W święta Bożego Narodzenia będąca wówczas w 40. tygodniu ciąży Sandra zgłosiła się do szpitala z niepokojącymi objawami.
- Zaczął mnie strasznie boleć brzuch, zorientowałam się, że to pierwsze bóle porodowe. Przyszła do mnie wówczas młoda pani. Pod wpływem stresu, może presji bóle mi ustały. Powiedziała, że w związku z tym, że są święta, mogę iść do domu lub zostać w szpitalu - opowiada Sandra w programie "Uwaga!" TVN.
2. Śmierć Zosi
Przez nikogo nie zatrzymywani przyszli rodzice wrócili więc do domu. Wkrótce Sandra poczuła jednak, że bóle porodowe się nasilają. Po przyjęciu na oddział usłyszała od lekarza, że konieczne będzie cesarskie cięcie.
- Patrzę na podłogę, a tam dużo krwi, cała kałuża krwi. Jedna z pielęgniarek spojrzała na mnie z przerażeniem w oczach. Była w szoku - opowiada kobieta.
Z relacji pary wynika, że stracili dużo czasu, zanim Sandrę zabrano na blok porodowy. Przed godz. 3 w nocy Mateusz napisał do mamy, że ich córeczka Zosia utknęła i będzie musiało być wykonane cesarskie cięcie. Jak wynika z materiału "Uwagi!" w szpitalu nie kontrolowano nawet przebiegu porodu za pomocą podstawowego badania KTG (ostatni zapis zarejestrowano o godz. 00:47).
- Po zdjęciu nóżki dziecka wiedziałem, że coś nie jest w porządku, nie chcieli nam też pokazać dziecka - opowiada.
Zosia dostała po urodzeniu tylko jeden punkt w skali Apgar. Została przewieziona do specjalistycznego szpitala we Wrocławiu. Tam, mimo wysiłków lekarzy, zmarła z powodu silnego niedotlenienia.

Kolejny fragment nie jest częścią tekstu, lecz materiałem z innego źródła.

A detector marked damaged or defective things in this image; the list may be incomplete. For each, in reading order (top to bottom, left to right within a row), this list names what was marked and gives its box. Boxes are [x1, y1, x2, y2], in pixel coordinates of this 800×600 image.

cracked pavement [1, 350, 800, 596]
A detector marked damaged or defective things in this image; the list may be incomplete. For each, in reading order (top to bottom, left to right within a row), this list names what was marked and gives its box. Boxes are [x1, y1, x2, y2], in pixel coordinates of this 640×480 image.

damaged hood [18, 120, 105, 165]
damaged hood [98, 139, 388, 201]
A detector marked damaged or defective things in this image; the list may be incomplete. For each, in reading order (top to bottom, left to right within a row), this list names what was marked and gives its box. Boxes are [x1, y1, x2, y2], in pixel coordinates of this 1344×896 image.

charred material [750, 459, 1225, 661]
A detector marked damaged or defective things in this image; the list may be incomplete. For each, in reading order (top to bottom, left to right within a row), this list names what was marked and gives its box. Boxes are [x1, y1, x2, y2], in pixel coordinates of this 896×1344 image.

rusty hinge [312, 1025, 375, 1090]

- Zosia żyła jeden dzień, niecały. Nie mogłam jej nawet dotknąć, pierwszy i ostatni raz zobaczyłam ją na pogrzebie - mówi Sandra.
3. Zosia mogłaby żyć?
Ryszard Frankowicz, specjalista ginekolog z Zakładu Usług Medycznych i Opinii Cywilnych w Tarnowie, poproszony o komentarz opiniuje, że to, co stało się w szpitalu, jest winą personelu medycznego. Jego zdaniem ciężarnej Sandry nie powinno się wypuszczać do domu, gdy pojawiła się pierwszy raz w placówce, a KTG powinno być stale monitorowane. Uważa, że gdyby Zosią zajęto się prawidłowo, przeżyłaby.
Z kolei mecenas Jolanta Budzowska, która zajmuje się błędami medycznymi i prawami pacjenta, komentuje, że cięcie cesarskie powinno być wykonane w trybie nagłym, a zamiast tego zwlekano z nim godzinami.

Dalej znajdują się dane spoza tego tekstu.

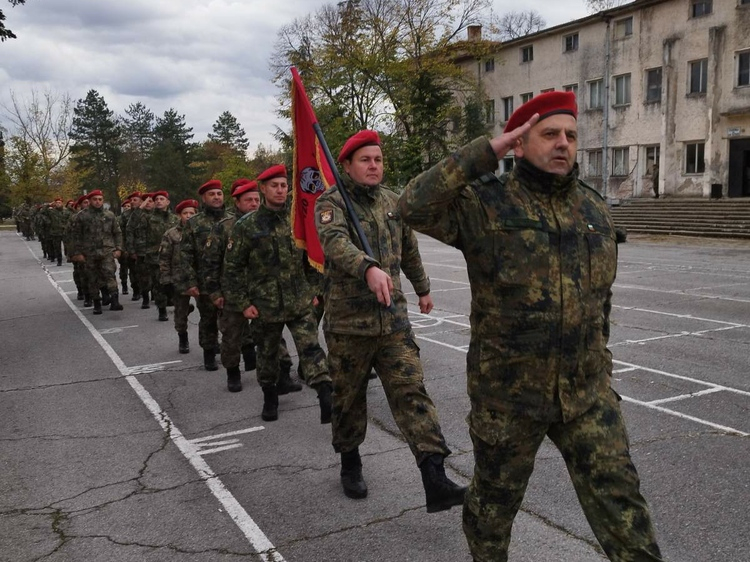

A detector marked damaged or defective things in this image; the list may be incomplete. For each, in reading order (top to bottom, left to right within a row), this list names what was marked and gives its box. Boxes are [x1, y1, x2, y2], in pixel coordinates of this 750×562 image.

cracked asphalt [0, 229, 748, 560]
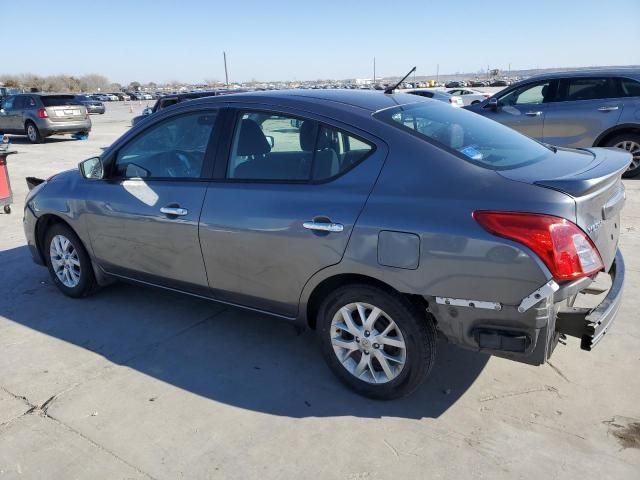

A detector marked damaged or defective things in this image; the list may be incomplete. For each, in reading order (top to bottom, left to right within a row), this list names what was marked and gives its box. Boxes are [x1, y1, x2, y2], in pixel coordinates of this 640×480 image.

cracked pavement [0, 103, 636, 478]
damaged rear bumper [556, 249, 624, 350]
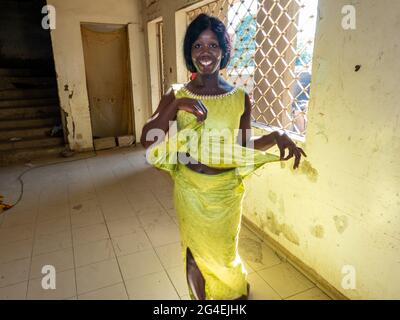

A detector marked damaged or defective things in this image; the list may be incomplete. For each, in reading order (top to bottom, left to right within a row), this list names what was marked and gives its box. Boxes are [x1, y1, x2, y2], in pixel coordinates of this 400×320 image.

peeling paint wall [47, 0, 150, 151]
peeling paint wall [144, 0, 400, 298]
peeling paint wall [241, 0, 400, 300]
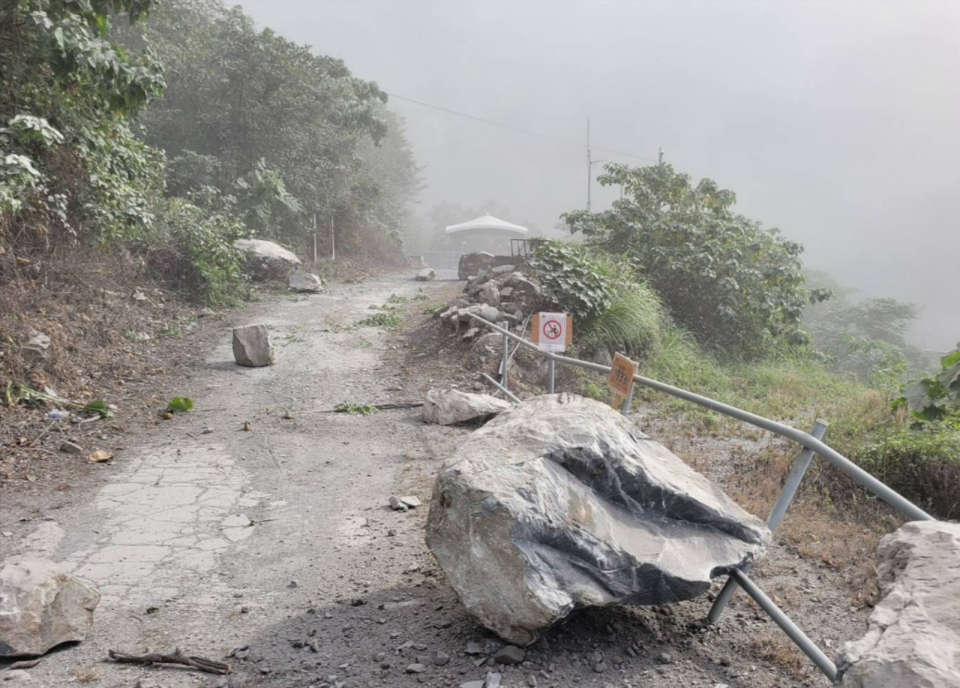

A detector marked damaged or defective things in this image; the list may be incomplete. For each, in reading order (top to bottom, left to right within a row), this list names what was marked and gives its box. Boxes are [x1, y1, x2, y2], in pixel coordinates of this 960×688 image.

cracked concrete road [1, 272, 464, 684]
bent guardrail post [704, 420, 832, 624]
bent guardrail post [732, 568, 836, 680]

Sprawą zajęła się prokuratura. Lekarz, który był felernego dnia na dyżurze, nie chciał komentować tego, co się stało.
- Dzieci umierają, no i co z tego? (…) W mojej karierze zawodowej kupę dzieci umarło i to jest jak najbardziej dopuszczalne. Nie rozmawiamy, proszę do mnie nie dzwonić – usłyszała w słuchawce dziennikarka "Uwagi!".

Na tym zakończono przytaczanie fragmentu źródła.